REQUIREMENT: Return every line of the data that contains the string "Shirt".

******************************

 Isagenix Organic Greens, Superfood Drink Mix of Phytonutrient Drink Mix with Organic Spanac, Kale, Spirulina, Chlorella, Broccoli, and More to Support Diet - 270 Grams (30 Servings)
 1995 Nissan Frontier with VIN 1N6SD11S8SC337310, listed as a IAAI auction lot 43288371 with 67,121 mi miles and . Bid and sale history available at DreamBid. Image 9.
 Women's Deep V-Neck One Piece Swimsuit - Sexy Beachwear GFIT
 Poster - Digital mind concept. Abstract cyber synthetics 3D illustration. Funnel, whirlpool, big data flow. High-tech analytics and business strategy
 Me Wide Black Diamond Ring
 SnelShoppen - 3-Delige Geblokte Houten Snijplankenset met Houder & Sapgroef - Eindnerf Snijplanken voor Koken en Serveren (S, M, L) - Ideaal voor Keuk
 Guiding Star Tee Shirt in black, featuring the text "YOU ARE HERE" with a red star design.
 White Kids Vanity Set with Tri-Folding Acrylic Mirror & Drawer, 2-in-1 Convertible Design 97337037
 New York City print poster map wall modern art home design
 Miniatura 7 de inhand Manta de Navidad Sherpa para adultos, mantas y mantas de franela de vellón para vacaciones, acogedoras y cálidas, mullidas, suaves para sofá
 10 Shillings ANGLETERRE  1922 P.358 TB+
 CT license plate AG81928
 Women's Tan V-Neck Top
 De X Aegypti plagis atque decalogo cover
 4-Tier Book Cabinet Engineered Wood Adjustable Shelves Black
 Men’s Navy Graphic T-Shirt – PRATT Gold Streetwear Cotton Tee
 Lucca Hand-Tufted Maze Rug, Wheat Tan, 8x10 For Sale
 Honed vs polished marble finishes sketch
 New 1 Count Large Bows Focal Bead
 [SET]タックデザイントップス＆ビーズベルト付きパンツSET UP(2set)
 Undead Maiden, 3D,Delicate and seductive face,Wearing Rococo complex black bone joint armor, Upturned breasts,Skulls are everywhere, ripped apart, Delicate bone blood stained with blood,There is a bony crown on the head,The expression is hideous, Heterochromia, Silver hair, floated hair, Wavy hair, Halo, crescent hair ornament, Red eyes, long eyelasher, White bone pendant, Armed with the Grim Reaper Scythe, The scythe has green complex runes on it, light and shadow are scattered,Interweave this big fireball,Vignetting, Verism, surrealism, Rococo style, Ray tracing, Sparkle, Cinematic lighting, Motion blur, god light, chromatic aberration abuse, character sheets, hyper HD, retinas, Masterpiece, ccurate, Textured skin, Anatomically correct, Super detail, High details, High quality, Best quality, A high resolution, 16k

******************************

YOUR SOLUTION:
 Guiding Star Tee Shirt in black, featuring the text "YOU ARE HERE" with a red star design.
 Men’s Navy Graphic T-Shirt – PRATT Gold Streetwear Cotton Tee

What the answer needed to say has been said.